Current Series Release Notes¶
Configuration of the amphora’s timezone is now possible using new configuration setting “amp_timezone” in the controller_worker options group.
When using a distribution with a recent SELinux release such as CentOS 8 Stream, PING health-monitor does not work as shell_exec_t calls are denied by SELinux.
Fixed configuration issue which allowed authenticated and authorized users to inject code into HAProxy configuration using API requests. Octavia API no longer accepts unencoded whitespace characters in url_path values in update requests for healthmonitors.
The fix that updates the Netfilter Conntrack Sysfs variables requires rebuilding the amphora image in order to be effective.
Update Python base version from 3.6 to 3.8. As per Openstack Python runtime versions policy Python 3.8 will be the the minimum Python version in the Zed release cycle.
diskimage-create defaults now to distribution release 9 when selecting RHEL as base OS and to release 9-stream when selecting CentOS as base OS.
Fix disabled UDP pools. Disabled UDP pools were marked as “OFFLINE” but the requests were still forwarded to the members of the pool.
Netfilter Conntrack Sysfs variables net.netfilter.nf_conntrack_max and nf_conntrack_expect_max get set to sensible values on the amphora now. Previously, kernel default values were used which were much too low for the configured net.netfilter.nf_conntrack_buckets value. As a result packets could get dropped because the conntrack table got filled too quickly. Note that this affects only UDP and SCTP protocol listeners. Connection tracking is disabled for TCP-based connections on the amphora including HTTP(S).

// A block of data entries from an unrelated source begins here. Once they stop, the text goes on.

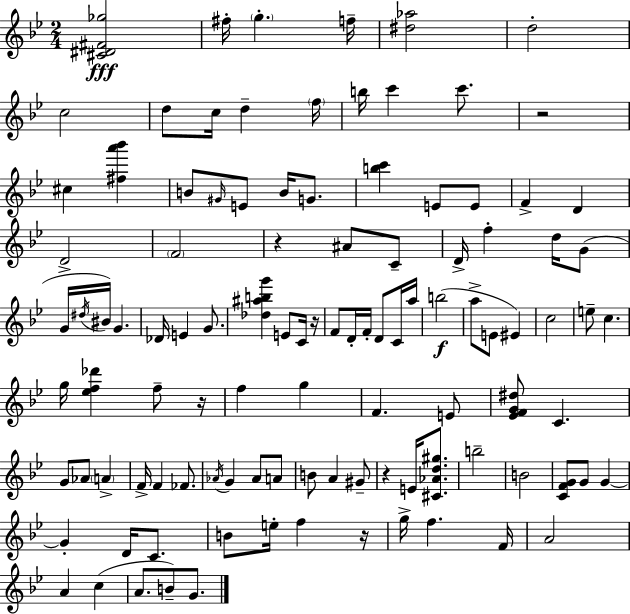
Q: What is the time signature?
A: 2/4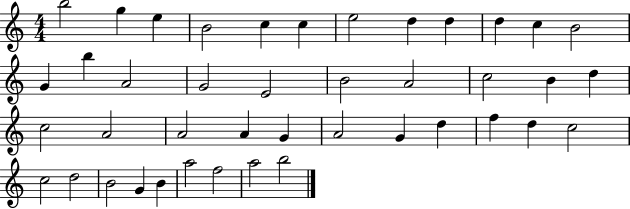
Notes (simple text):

B5/h G5/q E5/q B4/h C5/q C5/q E5/h D5/q D5/q D5/q C5/q B4/h G4/q B5/q A4/h G4/h E4/h B4/h A4/h C5/h B4/q D5/q C5/h A4/h A4/h A4/q G4/q A4/h G4/q D5/q F5/q D5/q C5/h C5/h D5/h B4/h G4/q B4/q A5/h F5/h A5/h B5/h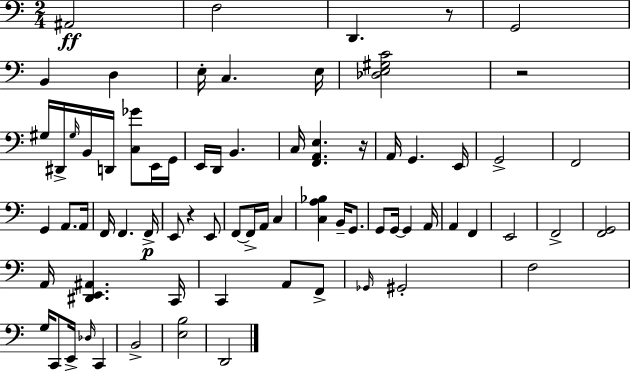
A#2/h F3/h D2/q. R/e G2/h B2/q D3/q E3/s C3/q. E3/s [Db3,E3,G#3,C4]/h R/h G#3/s D#2/s G#3/s B2/s D2/s [C3,Gb4]/e E2/s G2/s E2/s D2/s B2/q. C3/s [F2,A2,E3]/q. R/s A2/s G2/q. E2/s G2/h F2/h G2/q A2/e. A2/s F2/s F2/q. F2/s E2/e R/q E2/e F2/e F2/s A2/s C3/q [C3,A3,Bb3]/q B2/s G2/e. G2/e G2/s G2/q A2/s A2/q F2/q E2/h F2/h [F2,G2]/h A2/s [D#2,E2,A#2]/q. C2/s C2/q A2/e F2/e Gb2/s G#2/h F3/h G3/s C2/e E2/s Db3/s C2/q B2/h [E3,B3]/h D2/h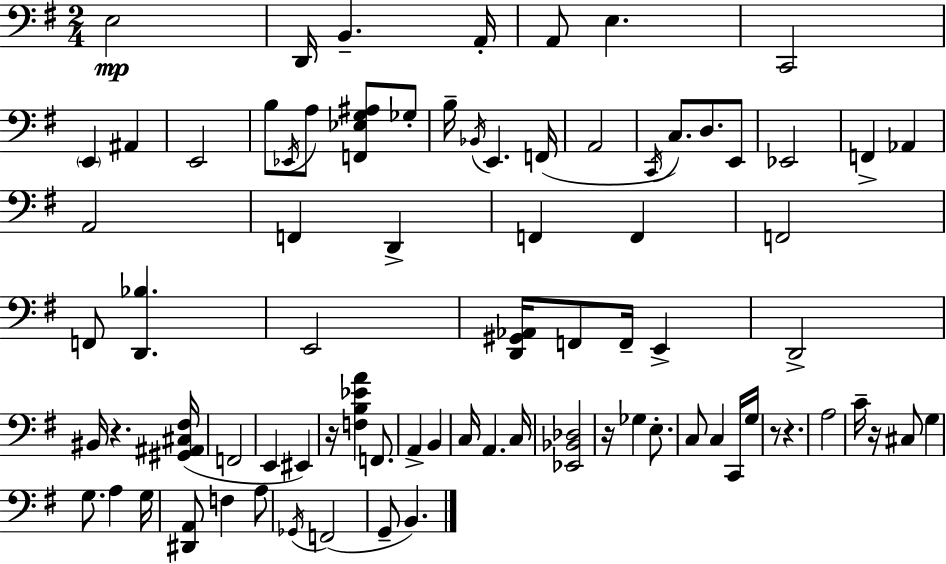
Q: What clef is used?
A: bass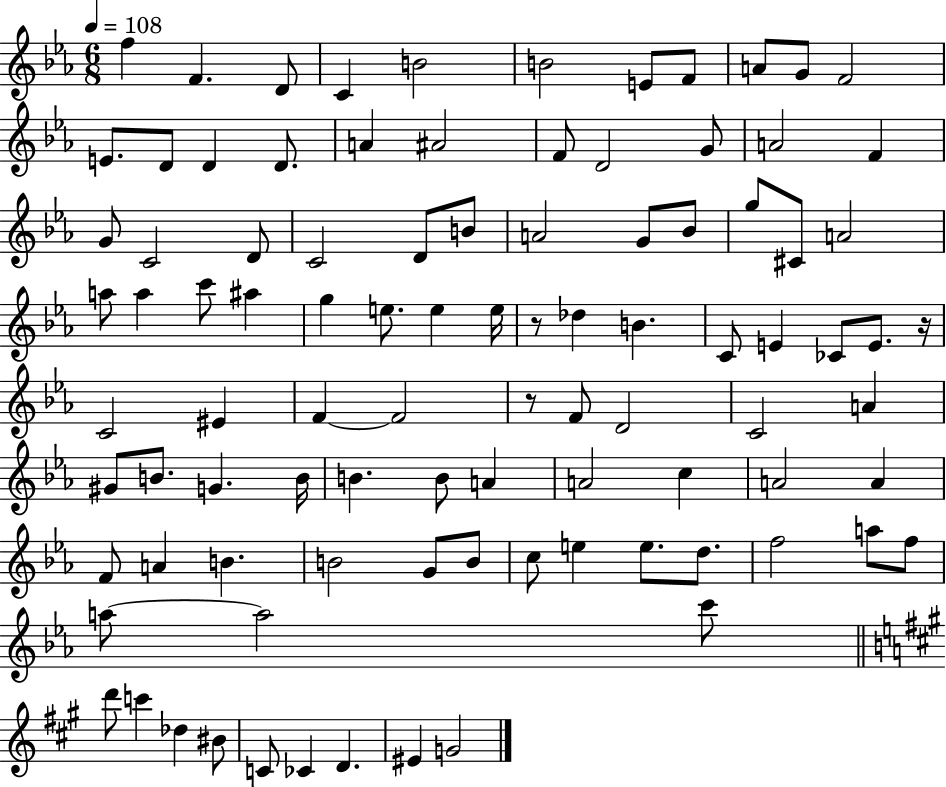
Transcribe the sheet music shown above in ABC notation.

X:1
T:Untitled
M:6/8
L:1/4
K:Eb
f F D/2 C B2 B2 E/2 F/2 A/2 G/2 F2 E/2 D/2 D D/2 A ^A2 F/2 D2 G/2 A2 F G/2 C2 D/2 C2 D/2 B/2 A2 G/2 _B/2 g/2 ^C/2 A2 a/2 a c'/2 ^a g e/2 e e/4 z/2 _d B C/2 E _C/2 E/2 z/4 C2 ^E F F2 z/2 F/2 D2 C2 A ^G/2 B/2 G B/4 B B/2 A A2 c A2 A F/2 A B B2 G/2 B/2 c/2 e e/2 d/2 f2 a/2 f/2 a/2 a2 c'/2 d'/2 c' _d ^B/2 C/2 _C D ^E G2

Fix a potential race condition when updating a resource in the amphorav2 worker. The worker was not waiting for the resource to be set to PENDING_UPDATE, so the resource may have been updated with old data from the database, resulting in a no-op update.
Fixed issue with SELinux and the lvs-masquerade.sh script on the amphora. The script already runs with root permissions, so the use of sudo inside the script is unneeded.
Fix an issue when Octavia performs a failover of an ACTIVE-STANDBY load balancer that has both amphorae missing. Some tasks in the controller took too much time to timeout because the timeout value defined in
[haproxy_amphora].active_connection_rety_intervalwas not used.
Fix a python3 error that prevented to use the
[controller_worker]/user_data_config_driveoption when building amphorae.
Fixed validations in L7 rule and session cookie APIs in order to prevent authenticated and authorized users to inject code into HAProxy configuration. CR and LF (\r and \n) are no longer allowed in L7 rule keys and values. The session persistence cookie names must follow the rules described in https://developer.mozilla.org/en-US/docs/Web/HTTP/Headers/Set-Cookie.
Validate that the creation of L7 policies is compatible with the protocol of the listener in the Amphora driver. L7 policies are allowed for Terminated HTTPS or HTTP protocol listeners, but not for HTTPS, TCP or UDP protocols listeners.